#### EXERCISE REQUIREMENTS
Look below for the line containing "Oval Curl Hair", then write out that line and every line after it to the end, exactly, minus the pictures.
--- MATERIAL FOR THIS EXERCISE Enclosed Below ---
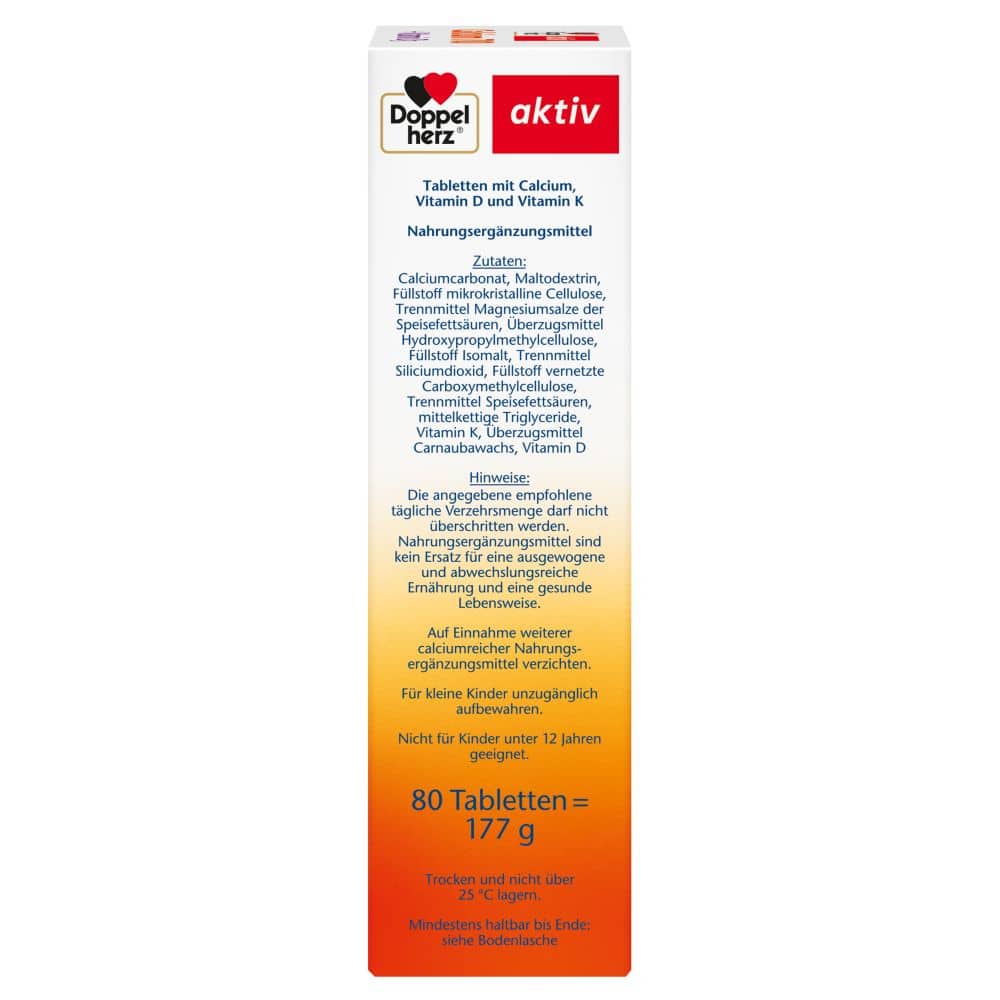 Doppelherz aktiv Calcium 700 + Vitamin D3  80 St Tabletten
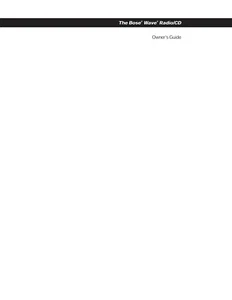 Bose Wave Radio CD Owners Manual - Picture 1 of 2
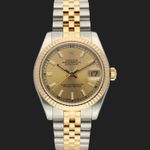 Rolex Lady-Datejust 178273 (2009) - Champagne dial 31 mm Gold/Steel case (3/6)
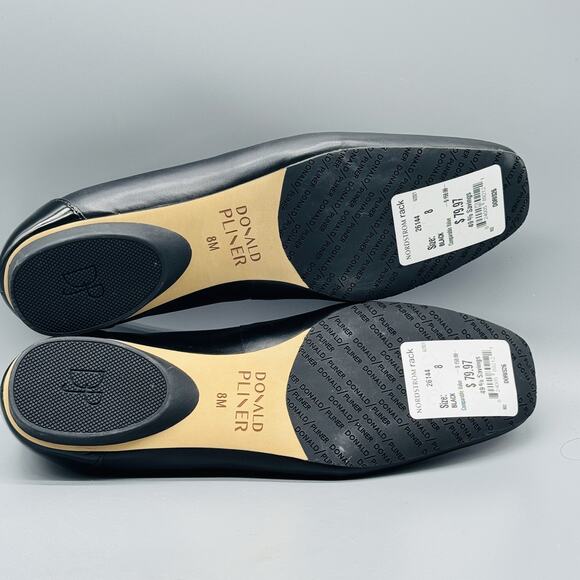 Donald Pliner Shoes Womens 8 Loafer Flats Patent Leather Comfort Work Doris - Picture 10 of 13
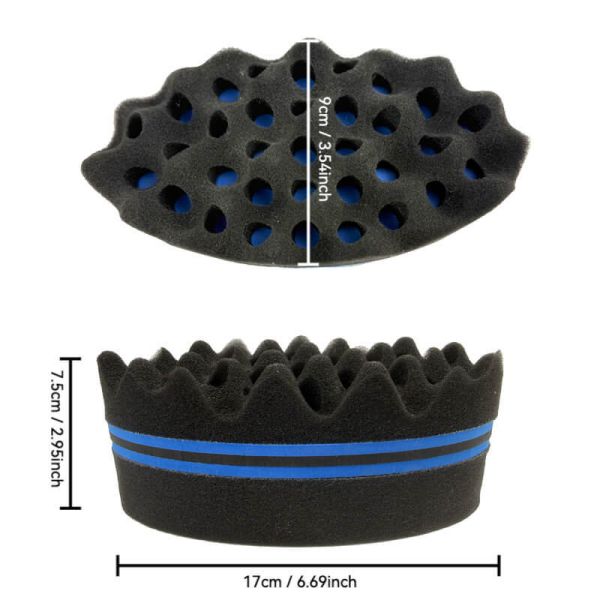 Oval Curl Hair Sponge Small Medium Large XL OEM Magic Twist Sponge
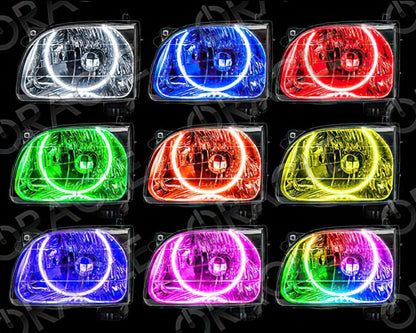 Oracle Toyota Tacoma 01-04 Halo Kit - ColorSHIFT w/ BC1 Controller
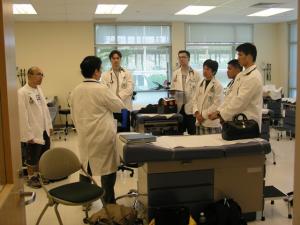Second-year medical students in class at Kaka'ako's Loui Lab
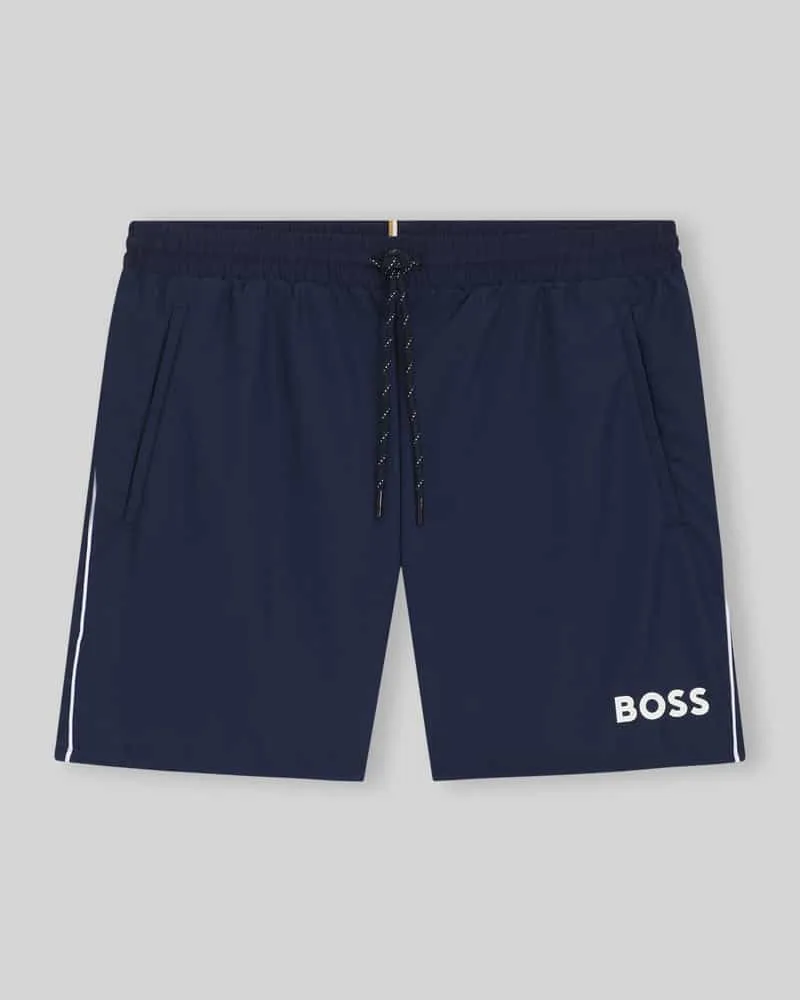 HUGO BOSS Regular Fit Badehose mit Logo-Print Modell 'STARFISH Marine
--- End of Enclosed MATERIAL FOR THIS EXERCISE ---
#### COMPLETED EXERCISE
 Oval Curl Hair Sponge Small Medium Large XL OEM Magic Twist Sponge
 Oracle Toyota Tacoma 01-04 Halo Kit - ColorSHIFT w/ BC1 Controller
Second-year medical students in class at Kaka'ako's Loui Lab
 HUGO BOSS Regular Fit Badehose mit Logo-Print Modell 'STARFISH Marine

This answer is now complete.